下記の問題及び解説は、必ずしも現時点における法改正及びデータを反映したものではない場合があります。

宅建 過去問解説 平成20年 問29

【問 29】 不動産の鑑定評価に関する次の記述のうち、不動産鑑定評価基準によれば、正しいものはどれか。

1 不動産の価格を求める鑑定評価の手法は、原価法、取引事例比較法及び収益還元法に大別され、鑑定評価に当たっては、原則として案件に応じてこれらの手法のうち少なくとも二つを選択して適用すべきこととされている。

2 土地についての原価法の適用において、宅地造成直後と価格時点とを比べ、公共施設等の整備等による環境の変化が価格水準に影響を与えていると客観的に認められる場合には、地域要因の変化の程度に応じた増加額を熟成度として加算できる。

3 特殊価格とは、市場性を有する不動産について、法令等による社会的要請を背景とする評価目的の下で、正常価格の前提となる諸条件を満たさない場合における不動産の経済価値を適正に表示する価格をいう。

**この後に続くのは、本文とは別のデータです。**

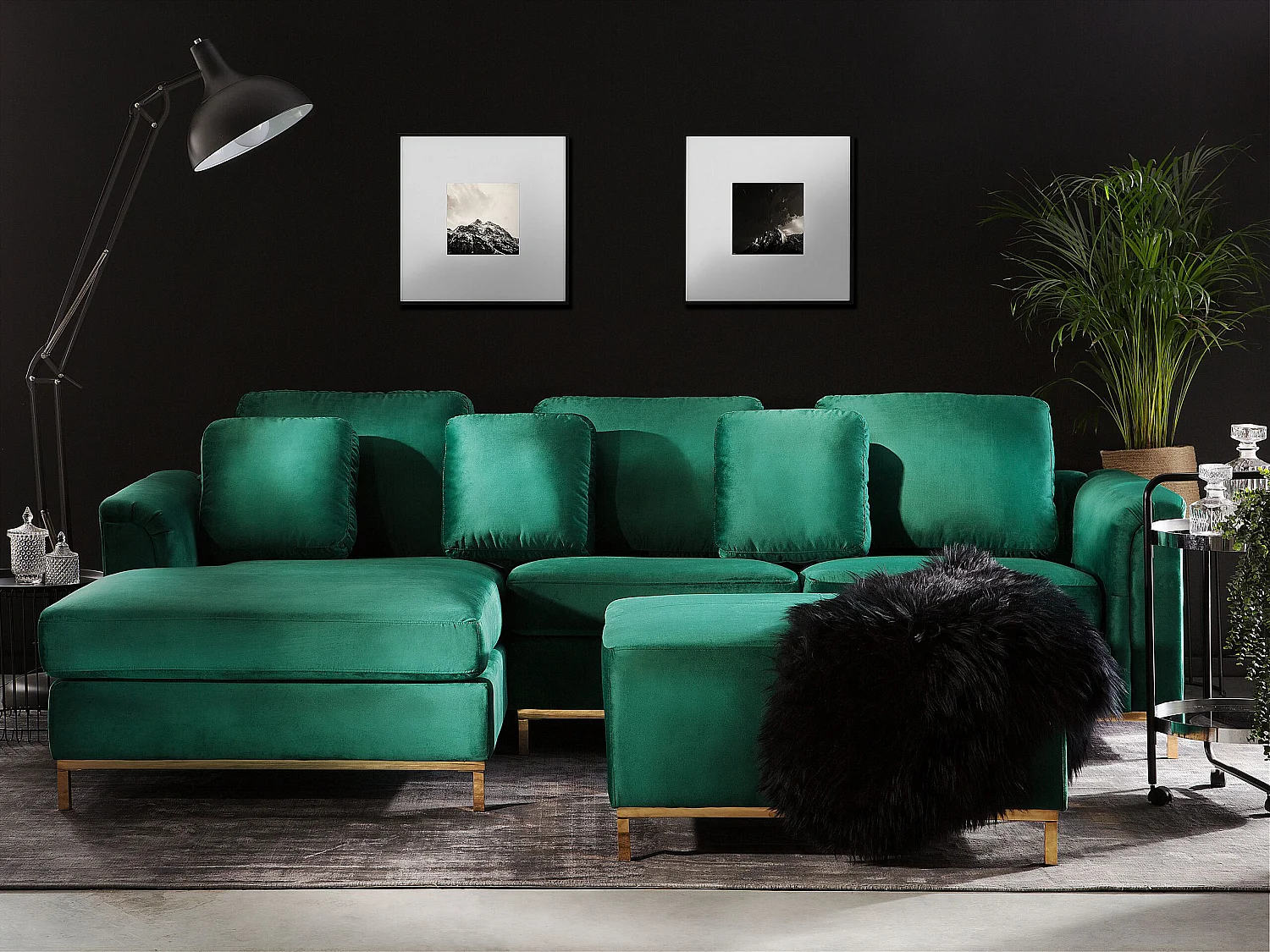 Canapé d'angle OSLO Velours Vert foncé avec ottoman 5 places Côté droit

4 収益還元法は、対象不動産が将来生み出すであろうと期待きれる純収益の現在価値の総和を求めることにより対象不動産の試算価格を求める手法であることから、賃貸用不動産の価格を求める場合に有効であり、自用の不動産には適用すべきでない。

【解答及び解説】

【問 29】 正解 2

1 誤り。鑑定評価方式の適用に当たっては、鑑定評価方式を当該案件に即して適切に適用すべきである。この場合、原則として、地域分析及び個別分析により把握した対象不動産に係る市場の特性等を適切に反映した複数の鑑定評価の手法を適用すべきであり、対象不動産の種類、所在地の実情、資料の信頼性等により複数の鑑定評価の手法の適用が困難な場合においても、その考え方をできるだけ参酌するように努めるべきである。
*不動産鑑定評価基準8章7節

2 正しい。土地についての原価法の適用において、宅地造成直後の対象地の地域要因と価格時点における対象地の地域要因とを比較し、公共施設、利便施設等の整備及び住宅等の建設等により、社会的、経済的環境の変化が価格水準に影響を与えていると認められる場合には、地域要因の変化の程度に応じた増加額を熟成度として加算することができる。
*不動産鑑定評価基準7章1節Ⅱ2(2)①

3 誤り。特殊価格とは、文化財等の一般的に市場性を有しない不動産について、その利用現況等を前提とした不動産の経済価値を適正に表示する価格をいう。問題文は、特定価格の定義である。
*不動産鑑定評価基準5章3節Ⅰ4

4 誤り。収益還元法は、対象不動産が将来生み出すであろうと期待きれる純収益の現在価値の総和を求めることにより対象不動産の試算価格を求める手法であるという前半部分は正しい。しかし、不動産の価格は、一般に当該不動産の収益性を反映して形成されるものであり、この手法は、文化財の指定を受けた建造物等の一般的に市場性を有しない不動産以外のものには基本的にすべて適用すべきものであり、自用の不動産といえども賃貸を想定することにより適用される。
*不動産鑑定評価基準7章1節Ⅳ1


【解法のポイント】本問も過去問の勉強が活きる問題です。すべて過去に出題済みの問題です。